Winston has chewed them the odd time. Never swallowed the plastic though. 

The clean up is easy, just take the grid out and throw the poos away. I use to clean their cages twice a day, Iwould clean the soiled litter (I did/do not want my house smelling) from their litter boxes:litterhealthy:. Now I do it once a day.

Susan

PS

If you want you can send Fraggles to me to train her how to use the litter box with the screen. :biggrin:

Susan

Here's a picture of the coloured screens.


----------



## Watermelons (May 17, 2011)

If its for a litterbox, comfort isnt a huge issue. 

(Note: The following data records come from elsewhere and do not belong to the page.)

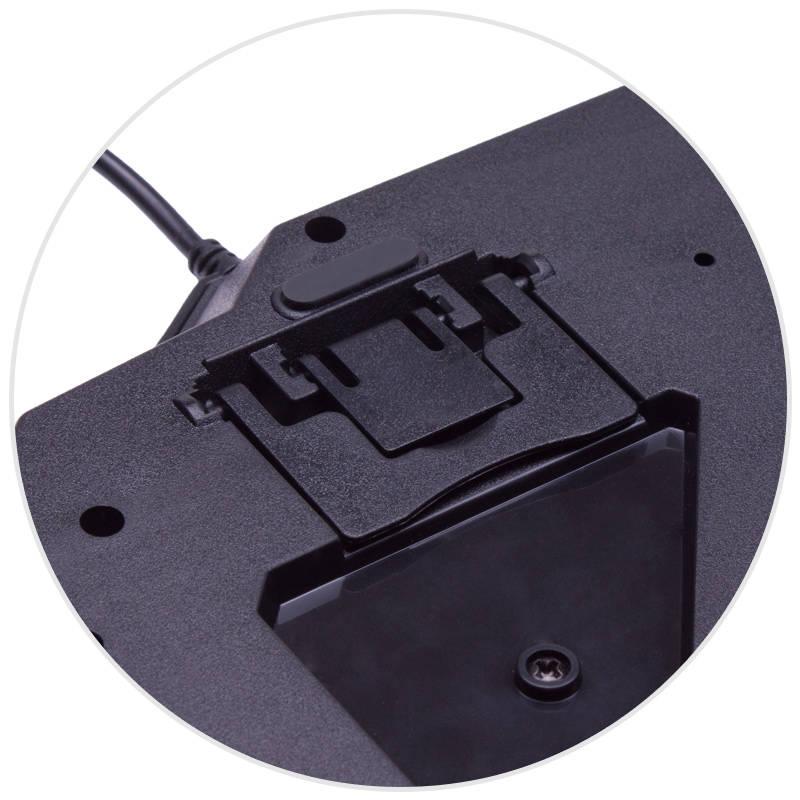 Klávesnice Connect IT ALIEN, CZ černá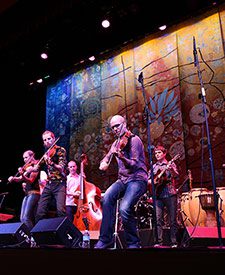 Frigg at the 2014 Lotus World Music and Arts Festival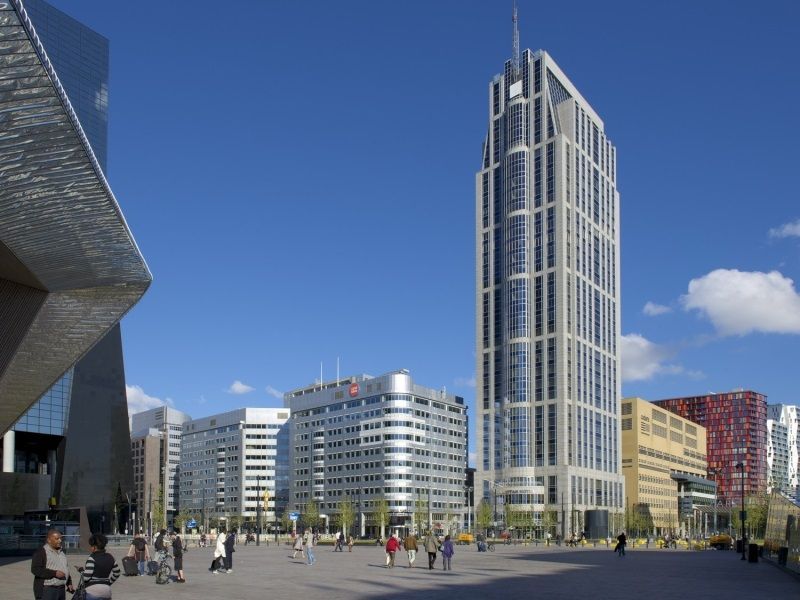 Millennium Tower skupiny PPF v Rotterdamu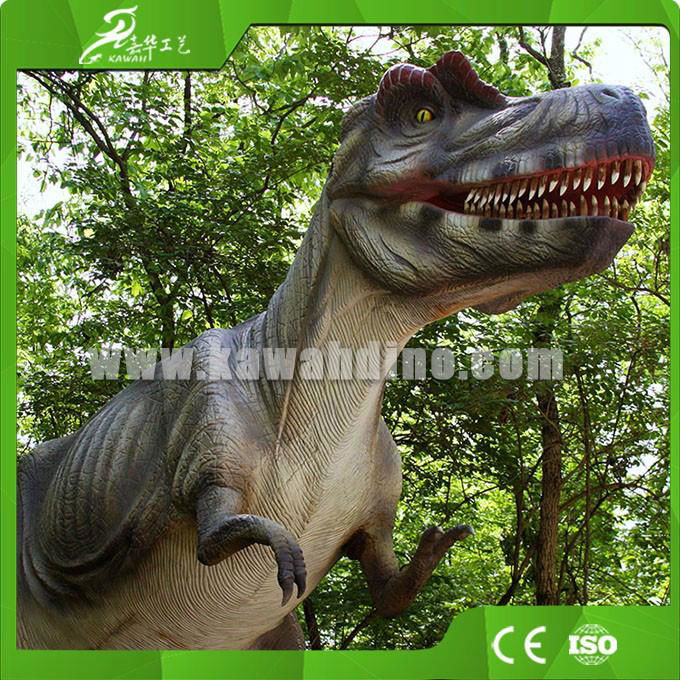 KAWAH Jurassic Park  Realistic Animatronic Dinosaur 4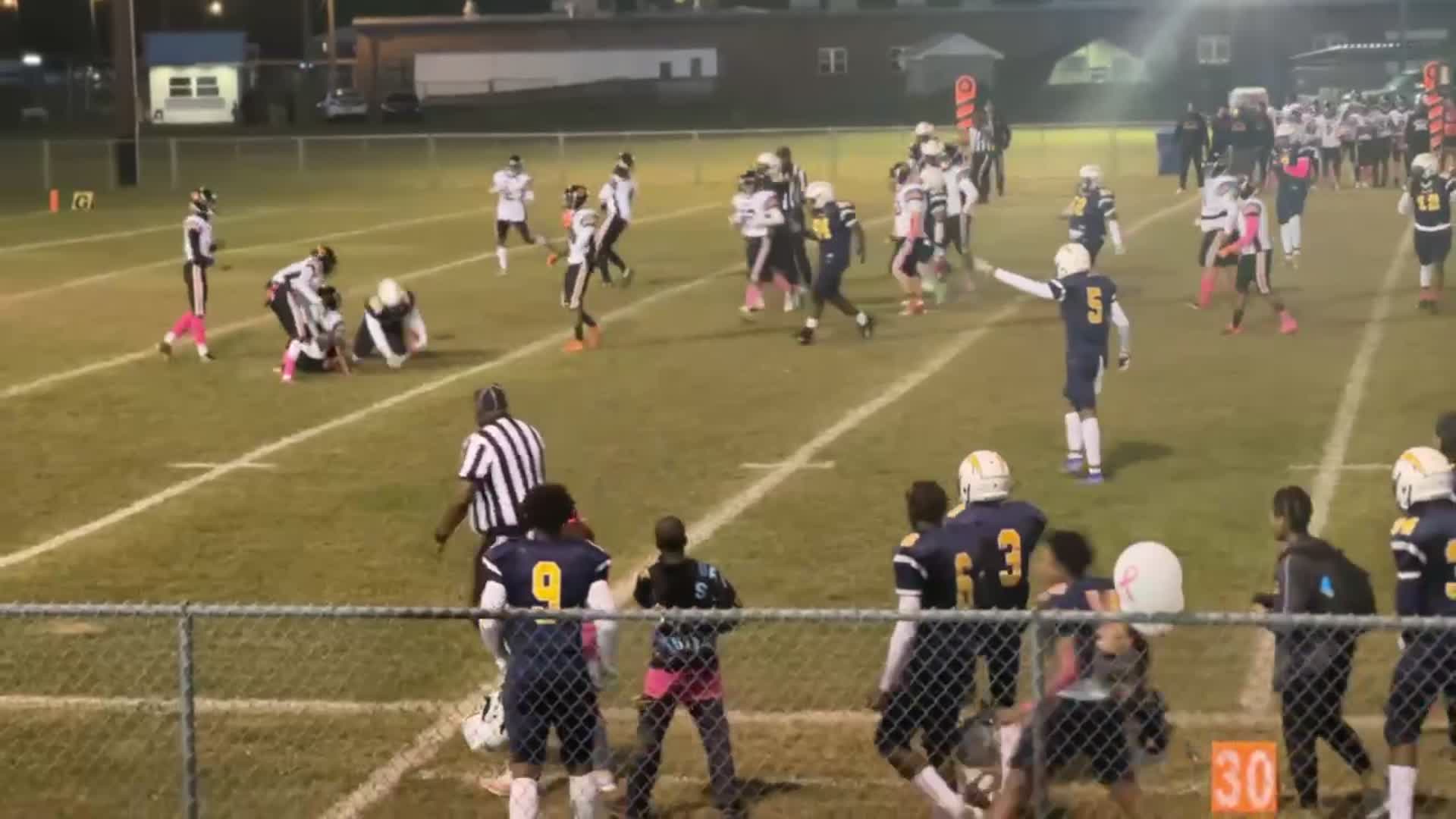 10.13.23(Weldon Vs NorthEdgecombe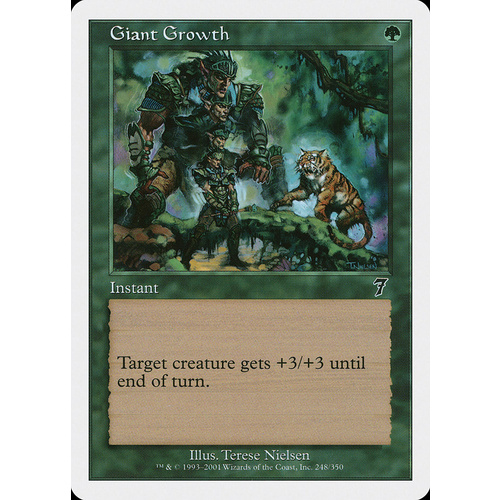 Giant Growth - 7ED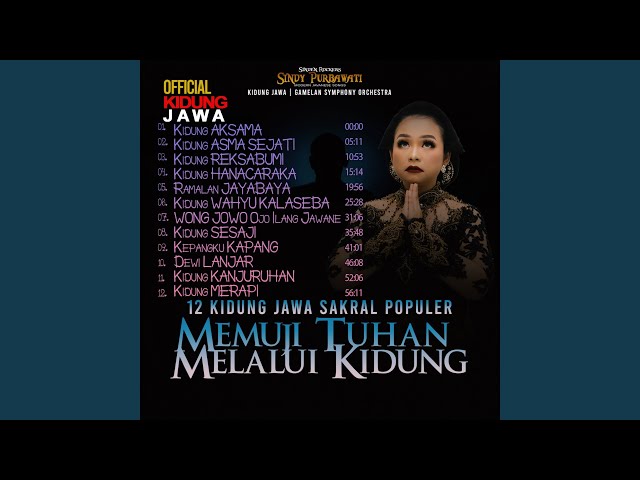 12 Kidung Jawa Sakral Populer - Memuji Tuhan Melalui Kidung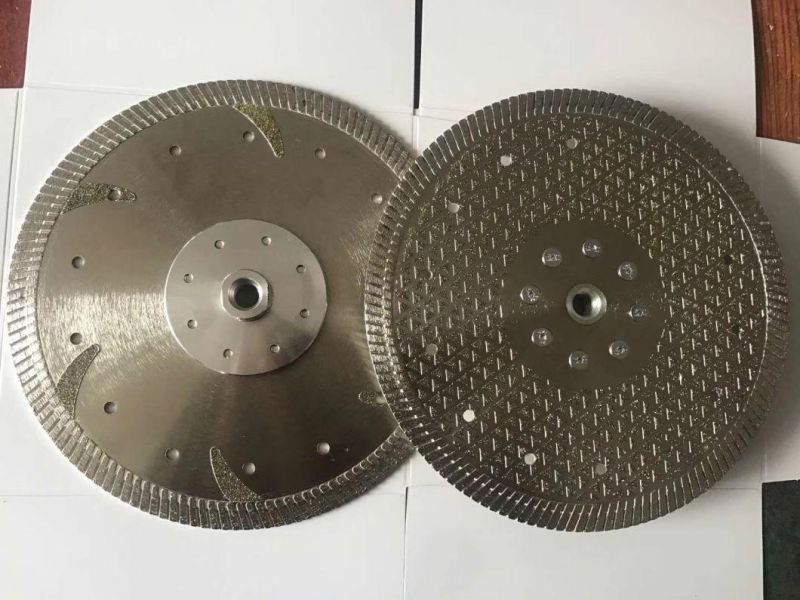 Electroplating Blade, Saw Blade, Cutting Granite / Marble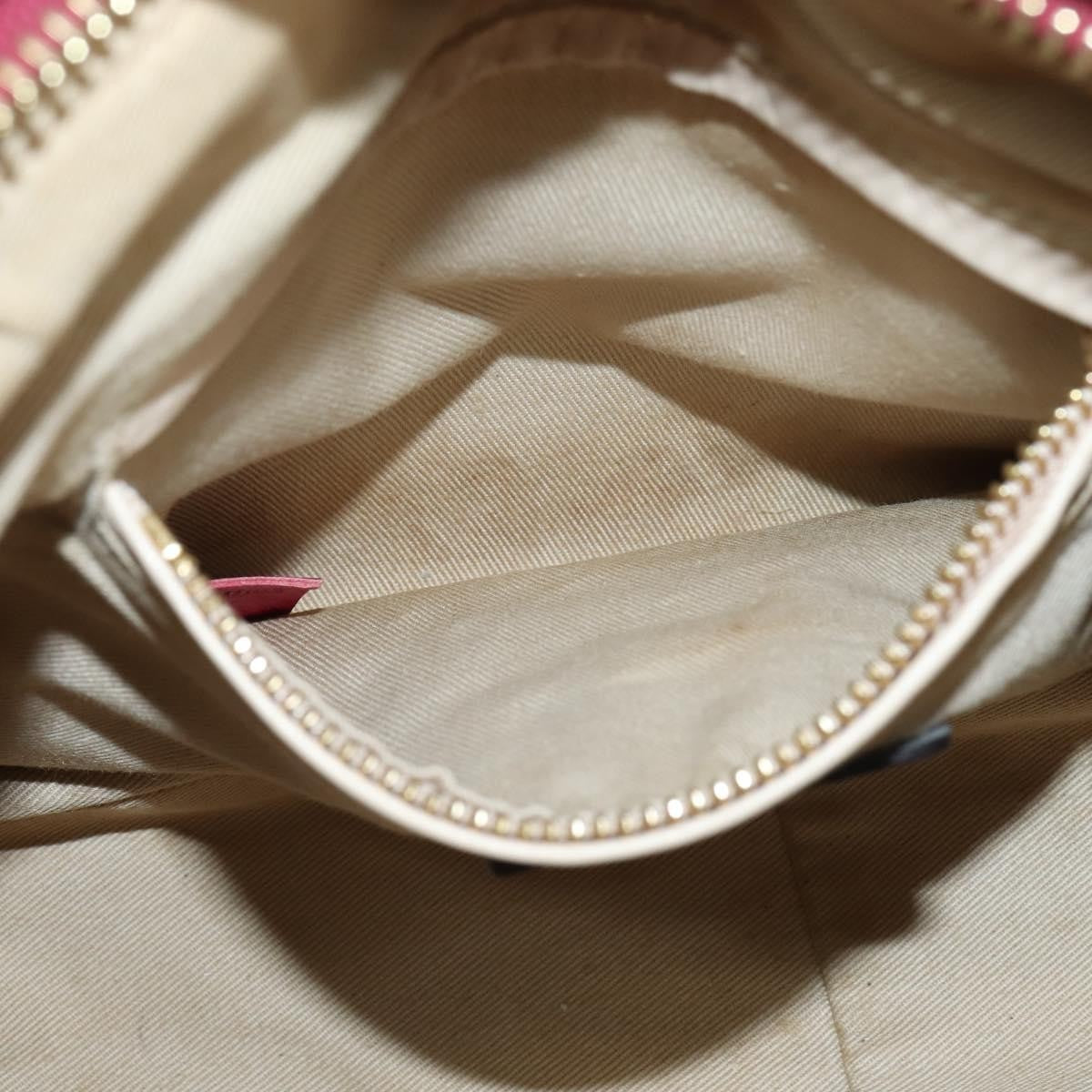 Chloe Paraty Top Handle Bag Leather, PINK, LEATHER, Handbag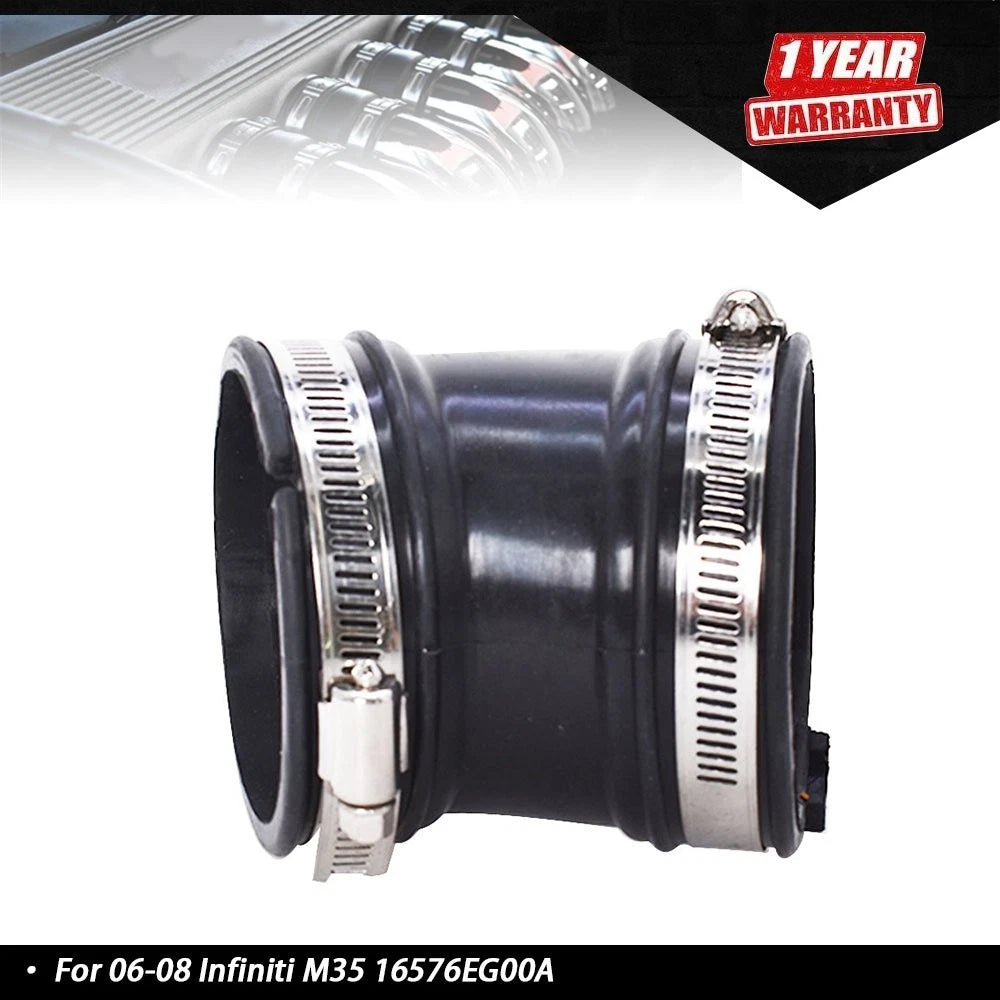 Air Intake Resonator Hose Tube Boot Elbow 16576EG00A for Infiniti M35 (2006–2008)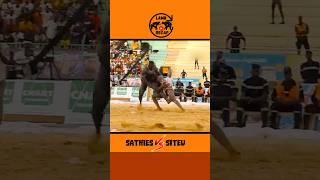 Sathies Vs Siteu Combat doolé #luttesénégalaise #lamb #sathies #siteu #senegal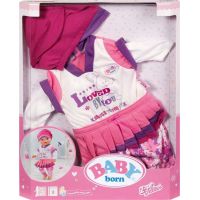 Baby Born Oblečení s čepičkou - Růžová sukně 3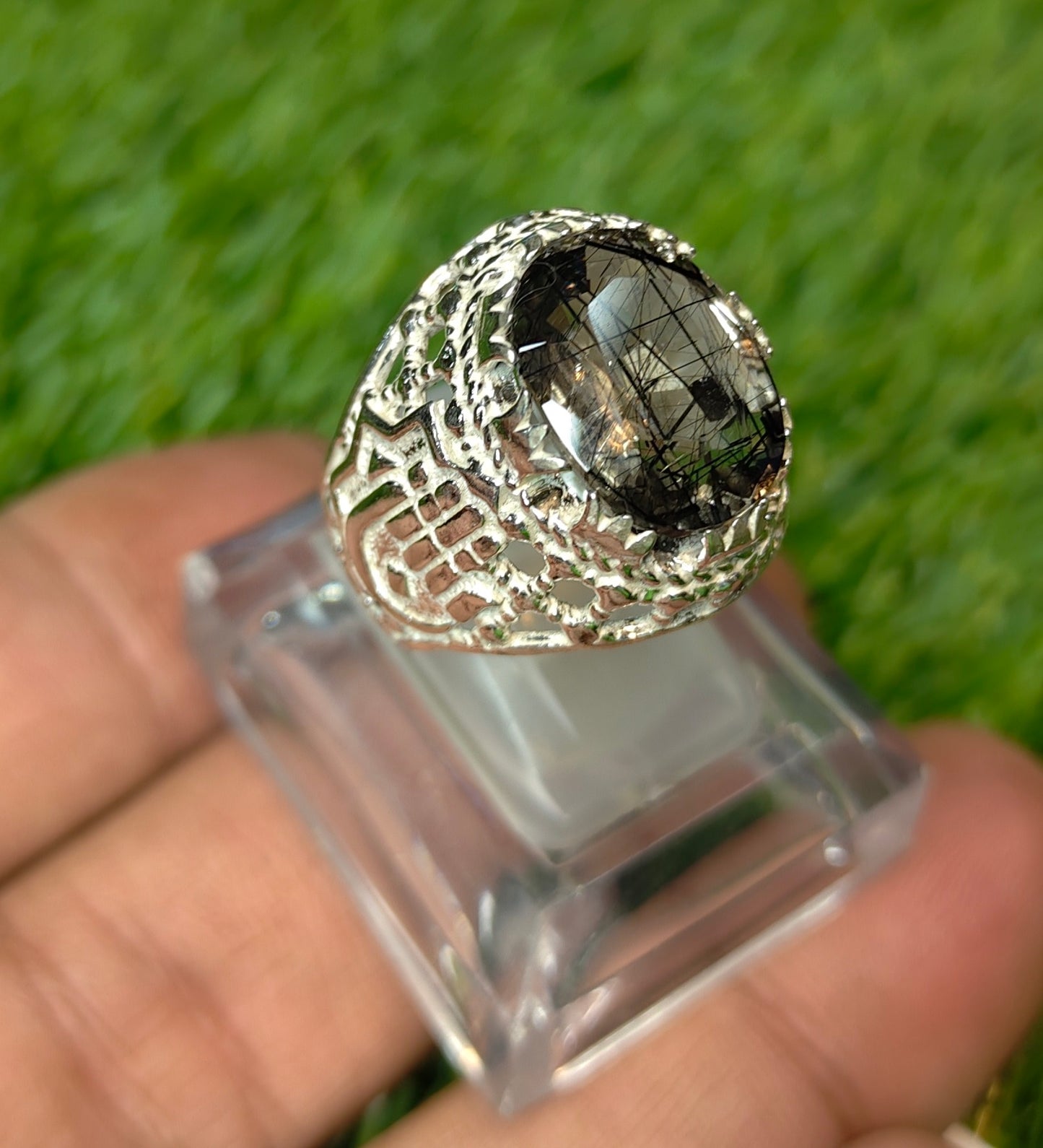 Premium Quality Moh e Najaf Ring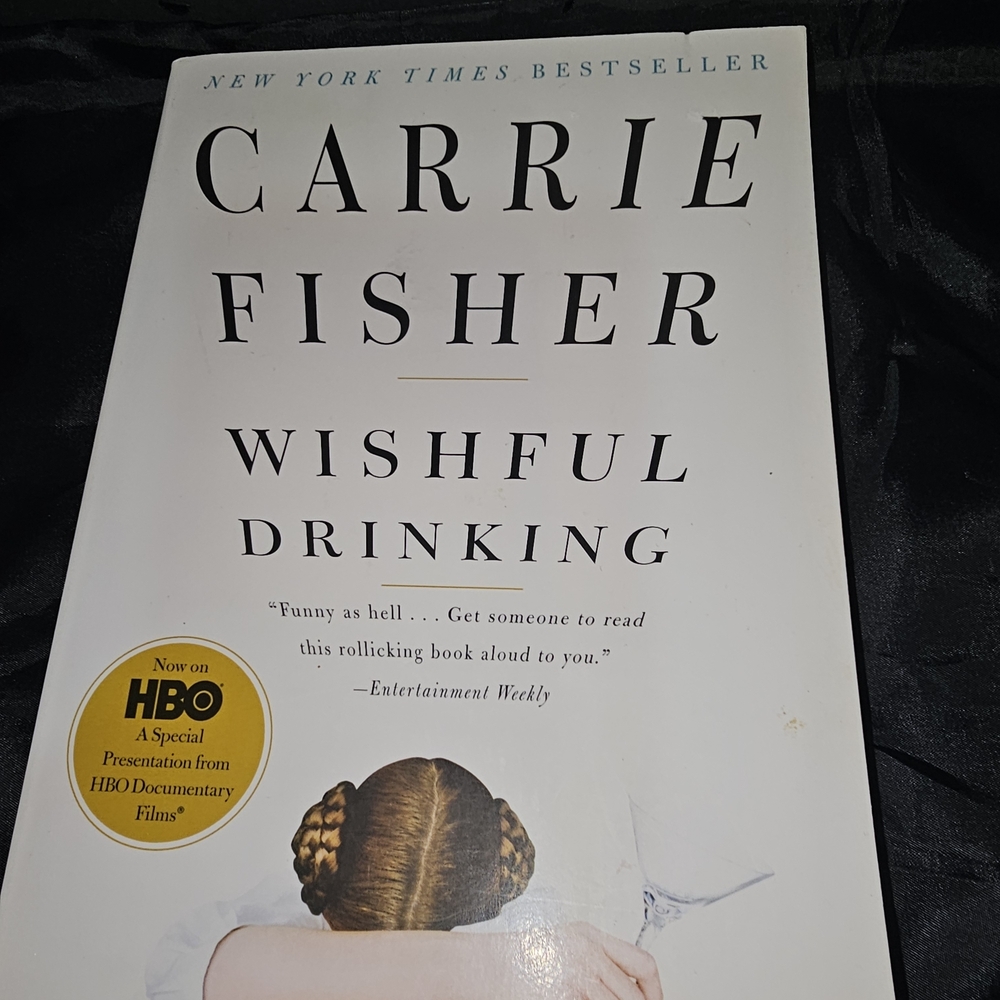 Wishful Drinking By Carrie Fisher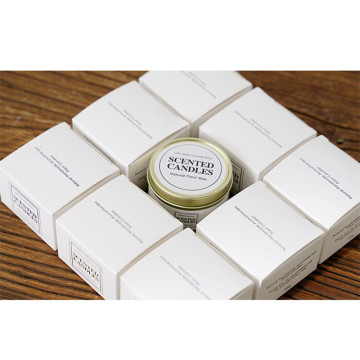 Private Label Tin Scented Candles for Gift Set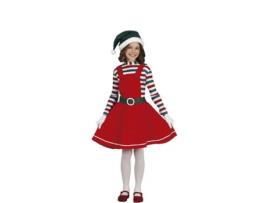 Fato de Menina GUIRMA Elfa Do Pai Natal (5-6 anos)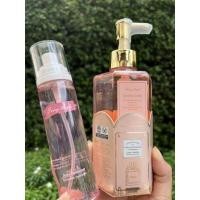 ราคา พร้อมส่ง เซตคู่ ของขวัญ ครีมอาบน้ำ สเปรย์น้ำแร่มิสดิออร์ (18440081421)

As for the cage. Just use aspen, you can get it in shavings or mini chips and both are totally safe and are about the same price as pine at a petstore. Usually you can pick up the chips in lab quality at feed stores and such. Stick to aspen, pine is aweful.


----------



## RitzieAnn (May 17, 2011)

When my buns have litter boxes, they had pellets in them. But I didn't put pellets all over the enclosure. Just in the litter box.

And don't use a ton of pelelts either. lol. I had an average size cat litter box, and only put 2 "scoops" of my hands in. They expand really well while absorbing the pee


----------



## I_heart_Fraggles (May 17, 2011)

Fraggles has never used a litter box. I tried to get her to use one but she just made a huge mess. She picked a corner of her cage and has never had an accident so I don't complain. I scoop her corner everyday and all is well. This is for her actual cage which she is in while I am at work or she chews the carpet. I might look into the aspen bedding. Susan do your buns have grids in there cages or just the litter boxes? Oh and Fraggles can come live with you but I don't think Daisy Mae would like that so you better send her to me.


----------



## SOOOSKA (May 17, 2011)

Katie what do you mean by having grids in their cages? :?

All of their cages are made from the NIC grids. They all have litter boxes in their cages. Vega and Daisy are wonderful never ever have accidents. Winston is so lazy, he puts his front two paws in the litter box to eat the hay, then decides to pee outside the box (he lives with Vega). I have ceramic tiles in their cage, with a towel under the litter box to catch the Brats pee.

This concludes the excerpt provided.